Though Realclearpolitics, one of the best things on the internet, opined that the two Kerry daughters “did a wonderful job of opening an attractive, empathetic window through which people could view their father,” I found the hammie story just plain…weird.


I also loved Vanessa Kerry’s example of what a risk taker her father is — when she she half-muttered “our house,” out of the side of her mouth. This was a reference to Kerry’s taking out a loan on his Beacon Hill house (it was part of his wife’s immense dowry) to finance his campaign when it was at a low point. Somehow, loan or no, I don’t think Teresa would let him end up sleeping in his car.


Thursday night wasn’t the first time the girls have hammed it up for Dad — Vanessa grabbed headlines a few months back by charging that George W. Bush was behind the ouster of Haiti’s would be president-for-life, everybody’s favorite Catholic priest turned Marxist “leader,” Jean-Bertrand Aristide.


Alexandra burst on the scene when she showed up at a screening of “Kill Bill 2” at the Cannes film festival clad, as The Other Charlotte put it at the time, in a “translucent black evening dress that revealed just abut everything, including the fact that Alexandra wasn’t wearing a brassiere.”


If Kerry becomes president, we’d better prepare ourselves for the strangest trio of dames since well, let’s just say strange and leave it at that.


I happen to like Teresa, but I think her self-involvement, tendency to embrace odd notions, and peevishness (see her disavowal of the pumpkin spice cookies she did or didn’t submit to the Family Circle magazine First Lady Cookie Bake Off) might not wear well.
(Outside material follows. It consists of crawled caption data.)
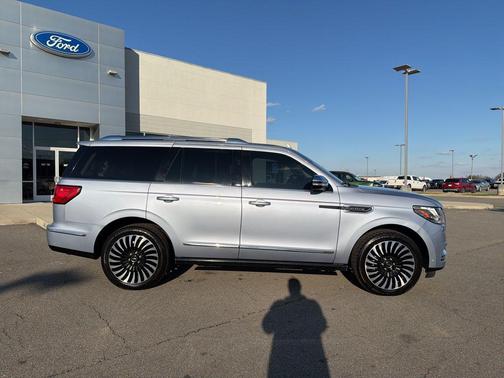 2021 Lincoln Navigator Black Label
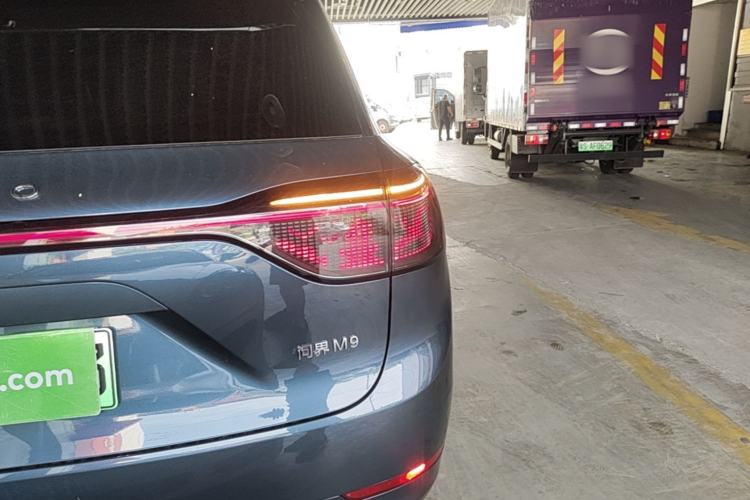 Used Hima AITO M9 2024 Range-Extended Ultra Version 42 kWh 6-Seater Model Right Rear Taillight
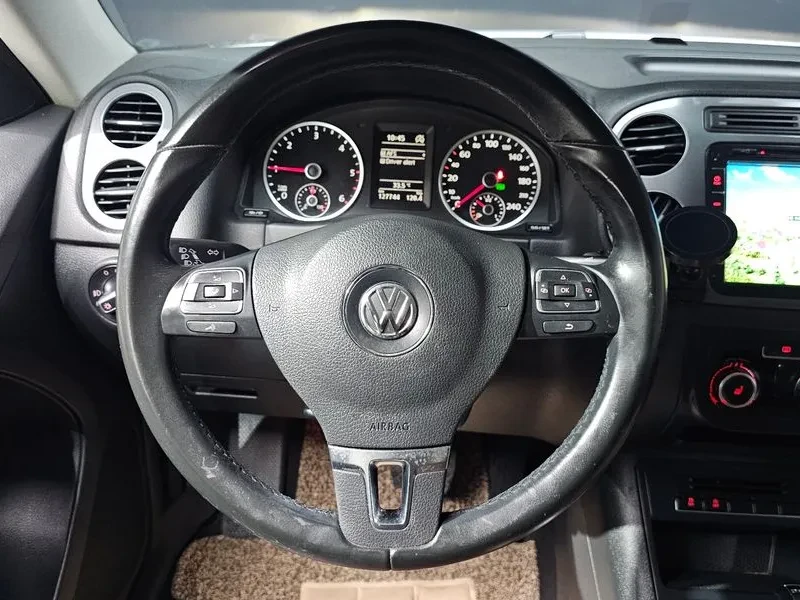 VW Tiguan 2.0 Tdi Comfort, снимка 12 - Автомобили и джипове - 55748622
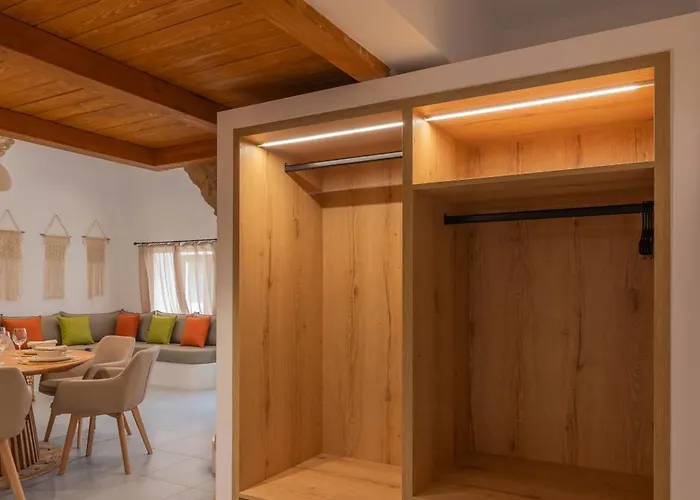 Daire Antonis Traditional House *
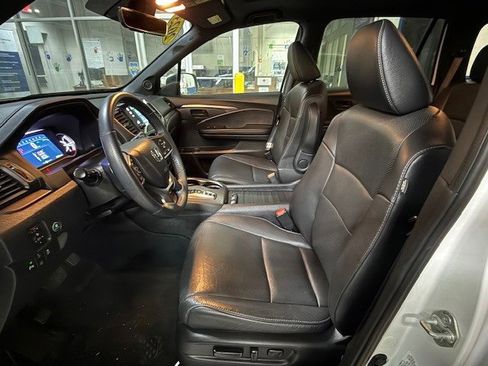 Used 2023 Honda Passport EX-L image 13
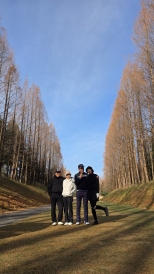 �ܿ��̶� �ƽ��׿� ���� �ͺ��� �;��...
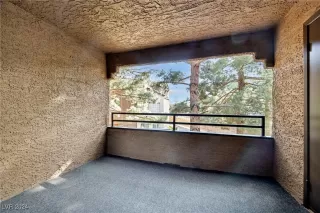 Photo #4: 2614801 Listing 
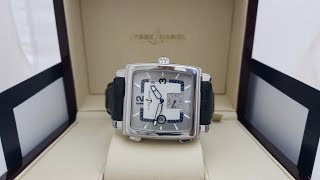 Большой квадрат с функцией двойного времени от  Ulysse Nardin!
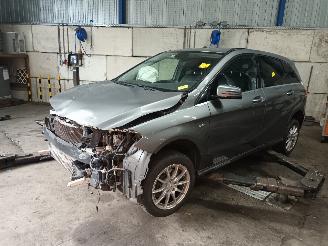 Vrakbiler auto Mercedes B-klasse B (W246/W242) Hatchback 1.6 B-180 BlueEFFICIENCY Turbo 16V (M270.910) =
[90kW]  (11-2011/12-2018) 2012/3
The campaign seems to realize it has a Teresa Problem and has decided to just embrace the petulant heiress’s bluntness head-on — that was what Kerry meant last night when he said, “And what can I say about Teresa? She has the strongest moral compass of anyone I know. She’s down to earth, nurturing, courageous, wise and smart. She speaks her mind and she speaks the truth, and I love her for that, too. And that’s why America will embrace her as the next First Lady of the United States.”


Translation: There’s not a damned thing I can do about her.


In terms of the election, it doesn’t matter a whit what the Kerry women are like, and, as a staunch defender of Marie “Let Them Eat Pumpkin Spice Cookies” Antoinette, Inkwell defends their right to be just as exotic as they care to be.


Still, if he’s elected, I think they’ll cause a lot of double, double, toil and trouble.